NCR should stand for No Cash Required, what with the hefty ransom the State of Georgia gave them to move World HQ from Dayton to Duluth.
Of course, moving is a bit stressful- it makes you take your eye off the ball. The ball was profit- and NCR under CEO Bill Nuti continues to shed value faster than an Irish setter sheds fur.
This just in:
ATM machine maker NCR Corp. said Thursday it plans to cut up to 10 percent of its global work force — possibly more than 2,200 jobs — to reduce costs after reporting its third-quarter profit tumbled 81percent.
The company, which also makes retail checkout scanners and self-serve kiosks, also cut its adjusted earnings and revenue forecasts for the year.
NCR, which said in June it was moving its headquarters to Georgia after 125 years in Ohio, said it would cut 5 percent to 10 percent of its work force that currently totals about 22,400 people.
Its shares dropped $1.49, or 12.2 percent, to $10.73 in midday trading.
Proving once again, helping corporations with tax money is the last refuge of the desperate business model. Georgia will be lucky if NCR is still making registers in 5 years at the rate Bill Nuti is losing money while taking home $2K an hour in pay.

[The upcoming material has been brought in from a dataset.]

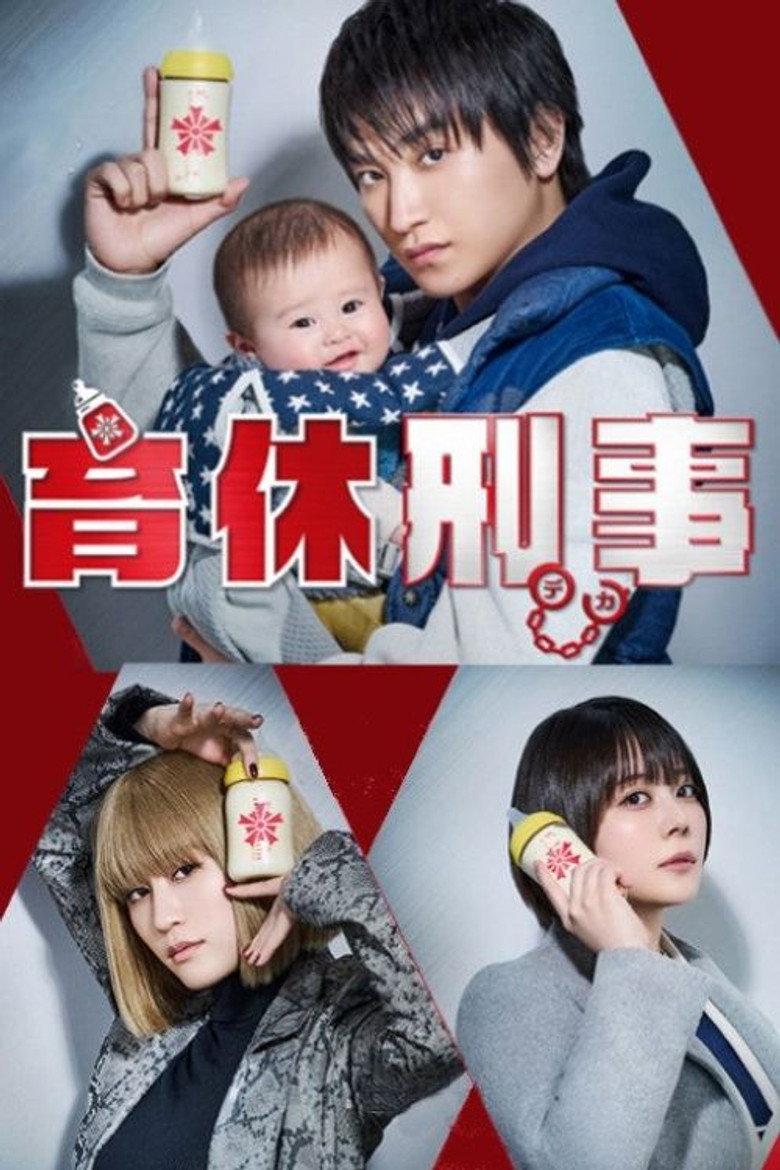 育休刑事
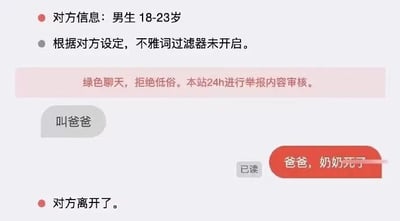 这是一张聊天记录截图，顶部标注了聊天对象为18-23岁的男性，且该聊天未开启不雅词过滤器，同时配有“绿色聊天，拒绝低俗。本站24h进行举报内容审核”的平台提示语。对话环节中，一方发送“叫爸爸”试图通过话术占对方便宜，另一方则回复“爸爸，奶奶死了”，用这种方式反向让对方陷入尴尬处境，随后系统显示“对方离开了”。整个对话是网络上常见的玩笑式怼人互动，充满趣味和反转效果。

Just another reason that tax dollars should never go to private enterprise. Stop corporate welfare now.
It’s time to legislate that CEOs of companies that accept tax dollars or incentives from government can’t get paid more than the pay of the lowest paid person they lay off for a period of 5 years and must surrender all stock and bonuses. That would stop this craziness pretty quick.